こちらの職人たちは見ていて、気持ちがいい。若い職人たちがお互いに作品を批評し合っている。けっこうずけずけと物を言っているが、素直に受け入れている。


「そこちょっとどうにかならないかな?」

「そうなんだよな。前からちょっと悩んでいるんだ」

「こっちの方で支えたらどうだ」

「それも考えたんが、ちょっとバランスが悪くなるんだよ」

「あれ? なんか新しい素材がなかったっけ?」

「どんな素材だ?」

「前より軽くて結構強く接着できるらしい」

「それ使えばうまくいくかもしれないな」


いつまでも議論が続く。考えたら、うちの幹部たちもそういう感じかもしれない。

とりあえず、マルクの店で売る分の装飾品を仕入れて持って行くことにする。




 そしてクラープ町に戻り、ジラルドと話し合う。


「どう? 北部の行商人の方は?」

「かなりひどいみたいですね。何人か私のところに来たので、全員受け入れました」

「ああ、そうしてくれ。お金は余裕があるから数か月くらいなら赤字になっても構わない。

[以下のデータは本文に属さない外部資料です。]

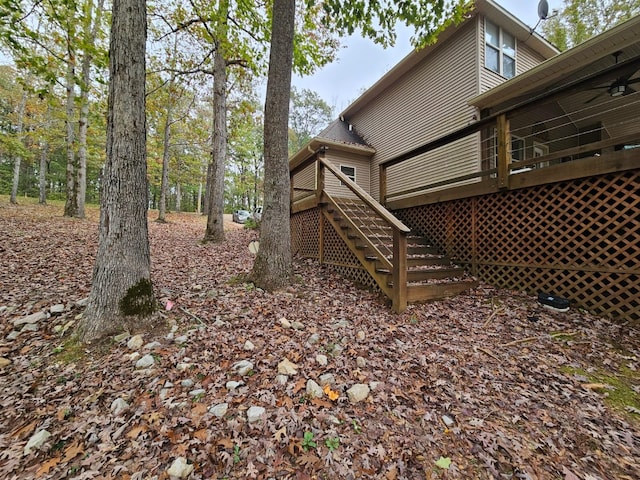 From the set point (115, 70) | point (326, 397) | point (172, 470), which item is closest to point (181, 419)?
point (172, 470)

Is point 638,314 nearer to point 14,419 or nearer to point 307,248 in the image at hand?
point 307,248

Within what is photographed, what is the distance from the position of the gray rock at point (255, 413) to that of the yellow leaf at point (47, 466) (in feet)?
3.47

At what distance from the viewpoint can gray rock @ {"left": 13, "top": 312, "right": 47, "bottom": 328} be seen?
9.29ft

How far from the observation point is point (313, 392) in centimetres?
210

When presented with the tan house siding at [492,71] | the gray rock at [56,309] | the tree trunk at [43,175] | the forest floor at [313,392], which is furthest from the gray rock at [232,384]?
the tree trunk at [43,175]

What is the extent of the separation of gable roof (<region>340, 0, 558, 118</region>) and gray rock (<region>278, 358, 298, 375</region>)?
8462 mm

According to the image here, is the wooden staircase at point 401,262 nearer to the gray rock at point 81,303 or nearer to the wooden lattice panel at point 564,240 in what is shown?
the wooden lattice panel at point 564,240

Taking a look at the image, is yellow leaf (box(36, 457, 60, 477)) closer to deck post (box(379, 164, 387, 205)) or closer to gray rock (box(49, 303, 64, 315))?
gray rock (box(49, 303, 64, 315))

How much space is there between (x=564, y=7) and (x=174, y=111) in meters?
21.6

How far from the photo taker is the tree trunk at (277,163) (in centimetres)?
405

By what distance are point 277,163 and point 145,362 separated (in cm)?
303

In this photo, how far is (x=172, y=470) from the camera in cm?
146

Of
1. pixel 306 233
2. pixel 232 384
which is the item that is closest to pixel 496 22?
pixel 306 233

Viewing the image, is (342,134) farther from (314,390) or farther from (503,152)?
(314,390) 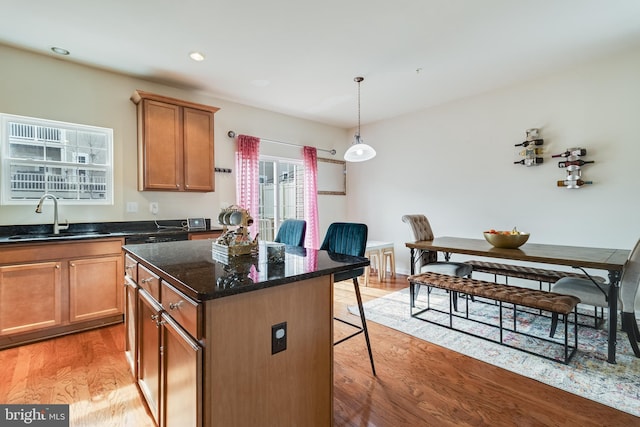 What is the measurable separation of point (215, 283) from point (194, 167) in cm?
297

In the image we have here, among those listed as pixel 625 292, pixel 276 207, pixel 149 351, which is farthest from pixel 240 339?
pixel 276 207

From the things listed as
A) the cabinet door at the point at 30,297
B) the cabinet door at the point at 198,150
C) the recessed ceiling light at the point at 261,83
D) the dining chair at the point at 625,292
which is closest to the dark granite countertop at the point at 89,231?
the cabinet door at the point at 30,297

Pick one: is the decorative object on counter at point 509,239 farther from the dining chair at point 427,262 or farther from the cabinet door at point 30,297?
the cabinet door at point 30,297

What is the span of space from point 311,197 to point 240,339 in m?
4.15

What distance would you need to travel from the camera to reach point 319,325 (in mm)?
1391

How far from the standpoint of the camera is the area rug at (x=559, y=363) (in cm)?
191

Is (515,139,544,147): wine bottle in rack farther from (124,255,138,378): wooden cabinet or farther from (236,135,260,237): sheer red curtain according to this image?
(124,255,138,378): wooden cabinet

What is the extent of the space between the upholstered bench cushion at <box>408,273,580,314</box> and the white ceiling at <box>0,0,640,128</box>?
7.61 ft

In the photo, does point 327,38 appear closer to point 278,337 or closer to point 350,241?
point 350,241

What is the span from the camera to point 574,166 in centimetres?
338

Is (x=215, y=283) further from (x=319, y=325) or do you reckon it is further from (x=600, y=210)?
(x=600, y=210)

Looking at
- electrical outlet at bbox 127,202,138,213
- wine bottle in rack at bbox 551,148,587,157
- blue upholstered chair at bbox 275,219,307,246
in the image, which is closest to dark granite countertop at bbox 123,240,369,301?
blue upholstered chair at bbox 275,219,307,246

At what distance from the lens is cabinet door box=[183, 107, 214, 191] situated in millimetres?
3650

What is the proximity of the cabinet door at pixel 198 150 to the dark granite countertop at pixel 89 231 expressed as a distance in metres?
0.59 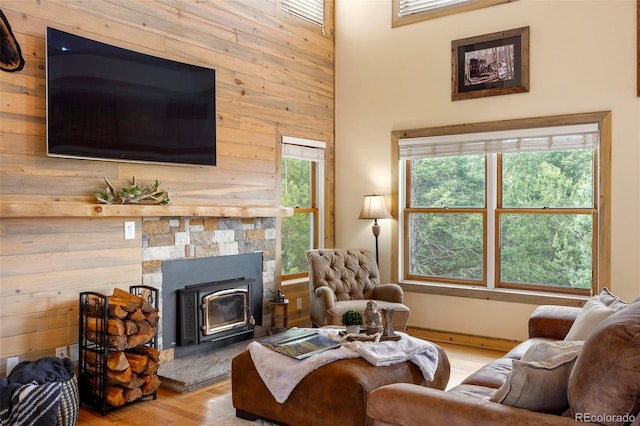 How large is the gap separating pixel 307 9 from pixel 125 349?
4011 mm

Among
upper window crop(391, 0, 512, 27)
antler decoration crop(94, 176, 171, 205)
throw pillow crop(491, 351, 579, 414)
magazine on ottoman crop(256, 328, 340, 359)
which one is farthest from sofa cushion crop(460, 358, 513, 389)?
upper window crop(391, 0, 512, 27)

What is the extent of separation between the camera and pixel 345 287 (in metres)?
5.26

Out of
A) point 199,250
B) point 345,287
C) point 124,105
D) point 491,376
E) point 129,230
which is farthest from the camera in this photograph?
point 345,287

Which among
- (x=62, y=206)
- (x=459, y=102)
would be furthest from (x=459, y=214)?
(x=62, y=206)

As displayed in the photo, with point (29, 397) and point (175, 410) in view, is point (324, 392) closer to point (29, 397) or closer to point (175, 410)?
point (175, 410)

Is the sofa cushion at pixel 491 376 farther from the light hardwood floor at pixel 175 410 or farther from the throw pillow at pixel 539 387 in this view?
the light hardwood floor at pixel 175 410

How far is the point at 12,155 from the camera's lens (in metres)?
3.48

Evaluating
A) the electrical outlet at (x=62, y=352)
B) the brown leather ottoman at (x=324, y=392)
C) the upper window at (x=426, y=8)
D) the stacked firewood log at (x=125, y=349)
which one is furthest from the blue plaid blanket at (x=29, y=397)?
the upper window at (x=426, y=8)

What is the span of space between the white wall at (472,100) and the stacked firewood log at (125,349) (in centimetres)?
290

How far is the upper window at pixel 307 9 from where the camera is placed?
18.5 feet

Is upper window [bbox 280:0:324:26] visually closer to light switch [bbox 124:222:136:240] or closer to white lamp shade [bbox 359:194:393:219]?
white lamp shade [bbox 359:194:393:219]

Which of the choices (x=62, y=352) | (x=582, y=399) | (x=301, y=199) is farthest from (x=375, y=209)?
(x=582, y=399)

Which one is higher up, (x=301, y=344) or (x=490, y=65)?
(x=490, y=65)

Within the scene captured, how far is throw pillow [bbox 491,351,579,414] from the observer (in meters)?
1.95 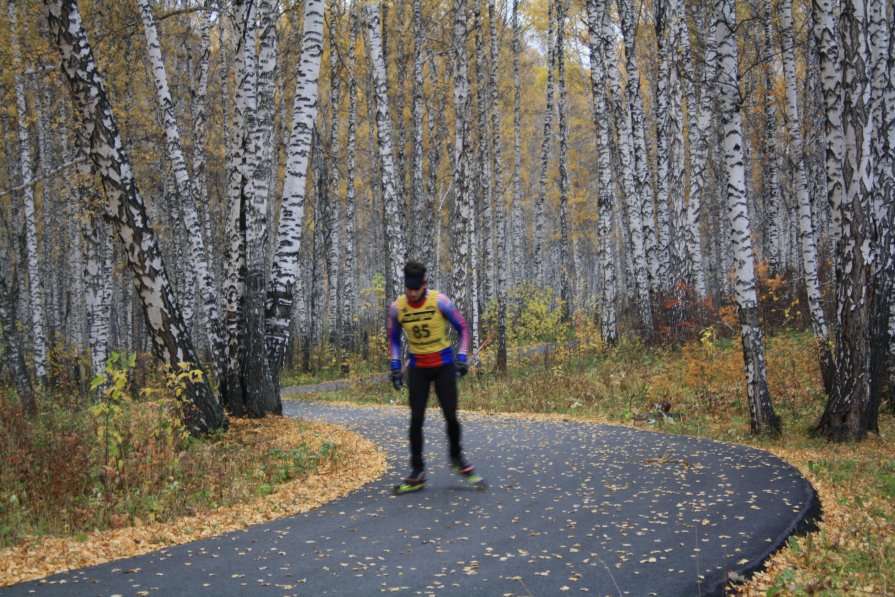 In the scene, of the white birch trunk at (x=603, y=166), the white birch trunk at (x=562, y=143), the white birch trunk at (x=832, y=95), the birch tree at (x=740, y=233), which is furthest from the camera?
the white birch trunk at (x=562, y=143)

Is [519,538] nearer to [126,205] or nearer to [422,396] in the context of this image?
[422,396]

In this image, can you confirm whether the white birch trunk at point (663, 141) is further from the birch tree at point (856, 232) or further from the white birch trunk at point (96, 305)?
the white birch trunk at point (96, 305)

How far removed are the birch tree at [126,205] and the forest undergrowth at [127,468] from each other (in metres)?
0.33

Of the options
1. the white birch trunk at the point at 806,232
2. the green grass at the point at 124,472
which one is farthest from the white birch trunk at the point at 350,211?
the green grass at the point at 124,472

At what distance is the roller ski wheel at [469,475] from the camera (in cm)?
766

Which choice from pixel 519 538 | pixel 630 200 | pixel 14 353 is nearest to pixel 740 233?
pixel 519 538

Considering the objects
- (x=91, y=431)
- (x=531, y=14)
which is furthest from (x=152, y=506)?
A: (x=531, y=14)

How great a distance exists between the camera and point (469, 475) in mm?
7781

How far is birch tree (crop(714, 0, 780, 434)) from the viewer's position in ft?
33.5

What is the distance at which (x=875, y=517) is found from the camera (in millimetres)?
6484

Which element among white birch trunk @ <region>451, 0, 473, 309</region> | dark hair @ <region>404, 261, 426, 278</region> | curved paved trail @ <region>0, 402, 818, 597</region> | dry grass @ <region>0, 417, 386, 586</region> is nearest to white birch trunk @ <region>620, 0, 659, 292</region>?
white birch trunk @ <region>451, 0, 473, 309</region>

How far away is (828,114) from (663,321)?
10603 mm

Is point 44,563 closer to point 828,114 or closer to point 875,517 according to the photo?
point 875,517

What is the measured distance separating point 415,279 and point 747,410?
811 cm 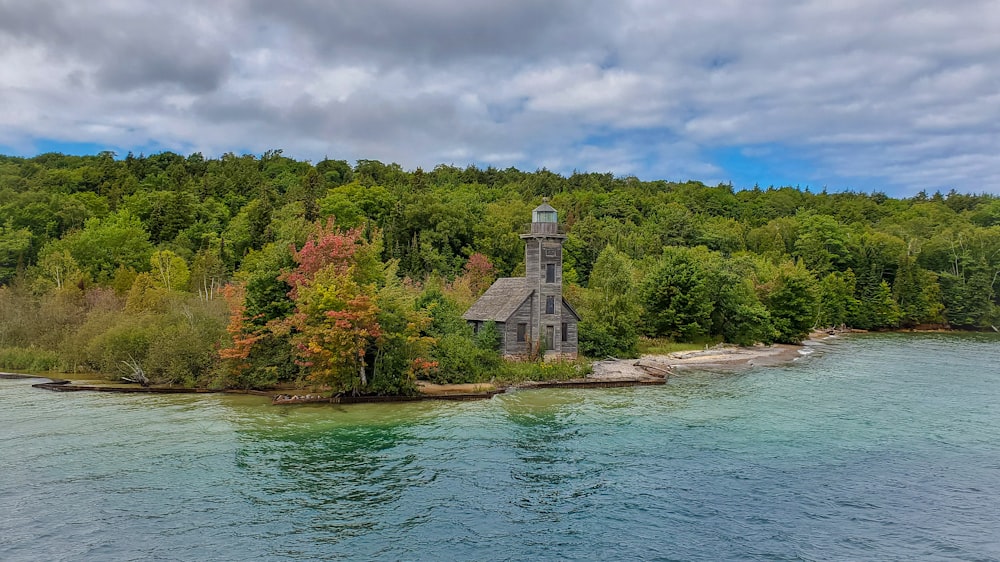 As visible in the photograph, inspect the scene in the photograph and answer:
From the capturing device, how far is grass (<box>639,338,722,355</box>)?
49.4 m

ただ全く仕事がないと本人たちも気が滅入るから、それは何かさせておいてほしい」

「わかりました」

「何か仕事はありそうか?」

「北部の行商がうまくないようで中心部の店に客が戻ってきています。ドナーティさんの店も前よりずいぶん繁盛して、人が必要ですよ」

「そんなに忙しいなら一時的に新店を出してもいいかもな」

「あ、なるほど。マルクさんと話してみます」

「北部の行商は手出しできないけれど、中心部に店を出すのは別に構わないからな」

「そうですね」

「あとクルーズンの方は人が足りないから、来れそうなものはどんどん送ってくれ」

「引っ越しとなると大変なんですよね」


ジラルドには苦労を掛けてしまっているから申し訳ない。


「寮があれば少しは楽になるか?」

「そうですね。家探しも負担なんで、あった方がいいですね」

そんな風にしてジラルドと北方対策を話し合う。



 さっそくギフトで帰る。さっきの話題を幹部間で話し合いたいがまずは猫もふだ。一通り撫でまわしてから、本部に赴く。


ジラルドとの話し合いの結果を話して、寮を用意することにする。


だが一から作るとなると、金もかかるし時間もかかる。幸か不幸か少し古めの長屋がある。

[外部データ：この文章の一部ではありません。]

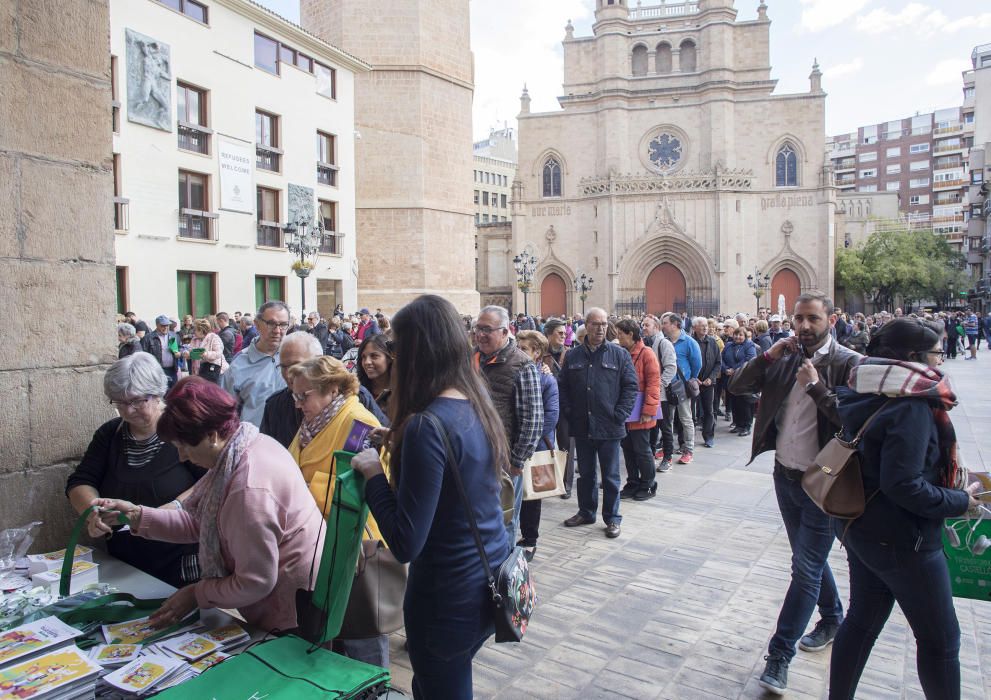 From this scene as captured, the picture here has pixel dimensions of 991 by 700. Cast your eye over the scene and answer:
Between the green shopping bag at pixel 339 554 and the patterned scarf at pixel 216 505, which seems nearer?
the green shopping bag at pixel 339 554

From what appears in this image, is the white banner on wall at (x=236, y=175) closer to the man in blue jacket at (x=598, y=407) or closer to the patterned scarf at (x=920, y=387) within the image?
the man in blue jacket at (x=598, y=407)

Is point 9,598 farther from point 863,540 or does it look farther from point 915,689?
point 915,689

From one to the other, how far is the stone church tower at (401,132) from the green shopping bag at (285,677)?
21.2 meters

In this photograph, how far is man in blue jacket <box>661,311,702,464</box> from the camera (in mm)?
8336

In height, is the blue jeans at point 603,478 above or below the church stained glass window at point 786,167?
below

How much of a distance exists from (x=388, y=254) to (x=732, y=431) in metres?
16.0

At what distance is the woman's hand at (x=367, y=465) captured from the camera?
6.69ft

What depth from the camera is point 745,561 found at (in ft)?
16.0

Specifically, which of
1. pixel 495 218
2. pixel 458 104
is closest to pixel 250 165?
pixel 458 104

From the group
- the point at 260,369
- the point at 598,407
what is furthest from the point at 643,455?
the point at 260,369

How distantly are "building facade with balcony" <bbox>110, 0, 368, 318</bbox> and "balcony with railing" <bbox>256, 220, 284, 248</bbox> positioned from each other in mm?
39

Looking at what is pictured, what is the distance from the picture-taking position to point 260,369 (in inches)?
178

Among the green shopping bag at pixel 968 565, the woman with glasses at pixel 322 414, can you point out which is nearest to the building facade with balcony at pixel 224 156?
the woman with glasses at pixel 322 414

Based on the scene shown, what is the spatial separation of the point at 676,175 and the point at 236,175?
85.9ft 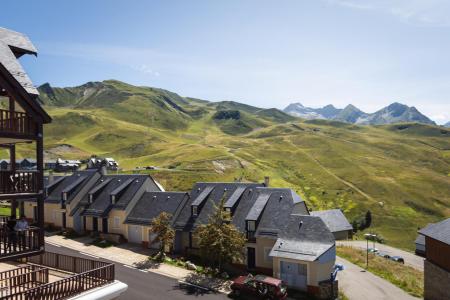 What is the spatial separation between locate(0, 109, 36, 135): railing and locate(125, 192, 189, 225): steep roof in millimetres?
34147

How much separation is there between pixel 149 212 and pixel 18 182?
35534 mm

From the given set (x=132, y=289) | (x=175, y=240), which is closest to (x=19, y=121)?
(x=132, y=289)

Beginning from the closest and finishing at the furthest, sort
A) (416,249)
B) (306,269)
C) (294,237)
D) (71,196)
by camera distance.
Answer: (306,269) → (294,237) → (71,196) → (416,249)

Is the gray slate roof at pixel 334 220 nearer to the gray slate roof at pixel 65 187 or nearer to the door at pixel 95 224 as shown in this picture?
the door at pixel 95 224

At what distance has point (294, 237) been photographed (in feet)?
139

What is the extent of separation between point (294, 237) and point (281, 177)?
114 m

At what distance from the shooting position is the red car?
35.7 m

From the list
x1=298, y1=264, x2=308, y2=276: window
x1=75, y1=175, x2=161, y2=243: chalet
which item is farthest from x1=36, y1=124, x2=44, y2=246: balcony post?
x1=75, y1=175, x2=161, y2=243: chalet

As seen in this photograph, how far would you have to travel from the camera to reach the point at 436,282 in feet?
141

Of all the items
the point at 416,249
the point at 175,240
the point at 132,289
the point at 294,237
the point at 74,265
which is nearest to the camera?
the point at 74,265

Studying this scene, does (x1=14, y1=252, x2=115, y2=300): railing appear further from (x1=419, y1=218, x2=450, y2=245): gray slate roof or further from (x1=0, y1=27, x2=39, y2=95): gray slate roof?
(x1=419, y1=218, x2=450, y2=245): gray slate roof

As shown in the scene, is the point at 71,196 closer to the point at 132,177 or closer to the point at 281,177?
the point at 132,177

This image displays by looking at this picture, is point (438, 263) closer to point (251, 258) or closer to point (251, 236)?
point (251, 258)

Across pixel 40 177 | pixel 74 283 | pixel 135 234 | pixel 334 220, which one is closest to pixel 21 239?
pixel 40 177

長屋はやや古びていて、あまり人気がなく、2割くらいしか埋まっていない。最近ではやはりきれいなところの方がいいようだ。


そんな感じの古びた長屋を5軒まとめて買ってしまう。かなりの格安で10室あるのに400万などだ。もちろんボロボロではあるが。ただこのままだと人が入らず赤字垂れ流しになる。

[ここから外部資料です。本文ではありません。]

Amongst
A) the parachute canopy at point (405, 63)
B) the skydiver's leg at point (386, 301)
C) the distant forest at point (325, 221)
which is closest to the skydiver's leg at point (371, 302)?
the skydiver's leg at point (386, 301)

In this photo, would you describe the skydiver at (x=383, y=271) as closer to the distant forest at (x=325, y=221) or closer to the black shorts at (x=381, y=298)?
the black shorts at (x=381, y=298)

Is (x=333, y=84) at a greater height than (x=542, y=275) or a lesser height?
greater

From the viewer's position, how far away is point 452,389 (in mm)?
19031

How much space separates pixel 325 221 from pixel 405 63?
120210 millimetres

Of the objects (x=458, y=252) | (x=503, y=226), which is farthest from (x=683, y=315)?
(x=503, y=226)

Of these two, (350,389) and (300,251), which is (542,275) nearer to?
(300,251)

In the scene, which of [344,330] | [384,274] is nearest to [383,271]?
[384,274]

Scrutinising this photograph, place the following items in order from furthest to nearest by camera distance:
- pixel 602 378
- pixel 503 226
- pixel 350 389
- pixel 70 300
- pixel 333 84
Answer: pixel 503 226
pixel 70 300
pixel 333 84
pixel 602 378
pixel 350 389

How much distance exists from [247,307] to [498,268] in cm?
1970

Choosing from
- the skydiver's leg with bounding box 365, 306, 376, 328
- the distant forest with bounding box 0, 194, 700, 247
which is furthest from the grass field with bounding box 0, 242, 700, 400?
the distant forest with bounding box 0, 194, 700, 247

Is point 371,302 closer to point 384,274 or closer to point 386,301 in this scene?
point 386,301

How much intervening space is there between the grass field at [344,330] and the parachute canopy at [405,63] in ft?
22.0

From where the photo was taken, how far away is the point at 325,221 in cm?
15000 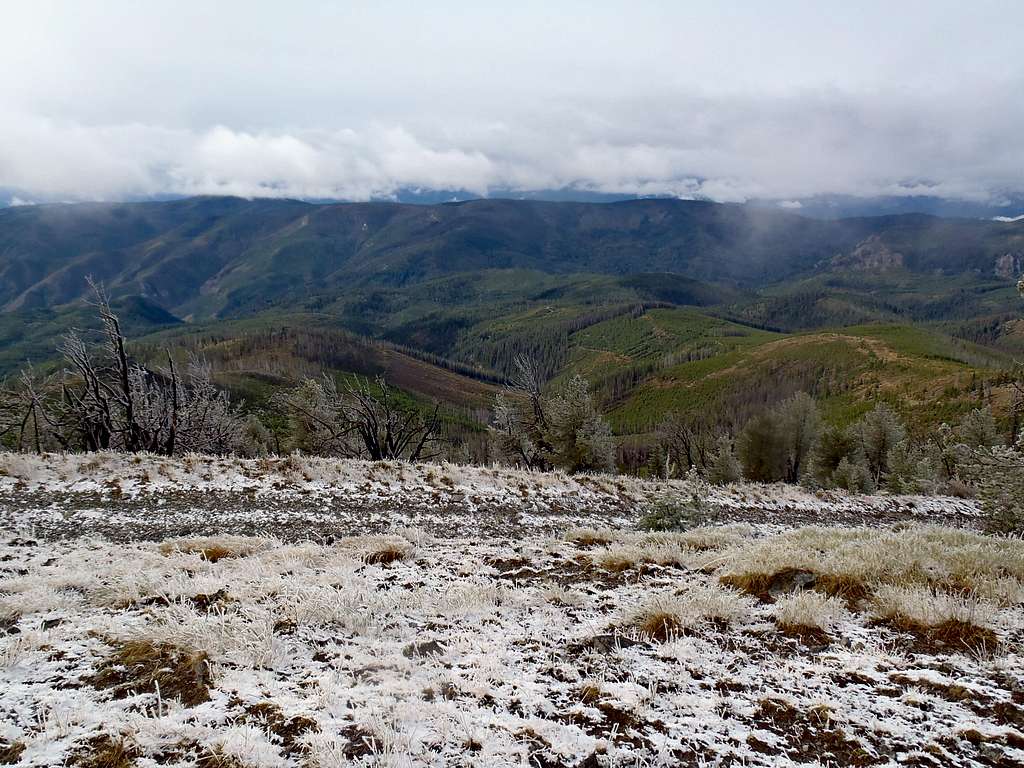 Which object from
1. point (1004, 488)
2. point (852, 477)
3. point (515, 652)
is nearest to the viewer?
point (515, 652)

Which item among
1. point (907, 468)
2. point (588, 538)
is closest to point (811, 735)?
point (588, 538)

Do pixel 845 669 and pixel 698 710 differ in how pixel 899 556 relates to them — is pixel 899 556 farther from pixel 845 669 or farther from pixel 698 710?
pixel 698 710

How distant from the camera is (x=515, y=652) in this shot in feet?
17.7

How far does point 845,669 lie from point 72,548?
44.4ft

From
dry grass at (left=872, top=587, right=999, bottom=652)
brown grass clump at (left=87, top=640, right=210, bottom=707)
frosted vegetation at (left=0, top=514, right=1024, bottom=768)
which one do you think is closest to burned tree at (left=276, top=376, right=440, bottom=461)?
frosted vegetation at (left=0, top=514, right=1024, bottom=768)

日本だと立ち退き料が高いのでやりにくいが、こちらだとそこまででもない。とはいえ、立ち退かせるのはやはり気の毒なので、30万ほどの迷惑料を払って、引っ越し代もこちらで持って、そのうちの1軒に集約してしまう。


集約したところも家賃は大した額ではないが、ほぼ満室なのでペイしている。まあそちらはさほど興味がない。


重要なのは残りの4軒をきれいに改装しなおして、うちの独身寮にすることだ。




 そうして受け入れ態勢が整ったので、クラープ町から来れる人を呼び寄せる。いろいろな事情でクラープ町北部に残った人たちだ。その人の言葉が痛い。


「育った町だったから残ったけれど、こんなことになるなら初めからフェリスさんについて行けばよかった」


故郷に愛着を持つ者に残ったことを後悔させるなどどんなひどい商会だと思う。


俺が抵抗しきれなかったから悪いのだが、早急に潰して取り戻して、彼らも帰してやりたい。そんな決意をする。



 ジラルドの方は、マルクと話し合って、中心部に出店したそうだ。パラダ自体が評判を落としていて、パラダの行商だけでなく、店舗の方も客足が引いているとのことだ。


何か後始末ばかりしているが、ゴミはさっさと片付けてしまいたい。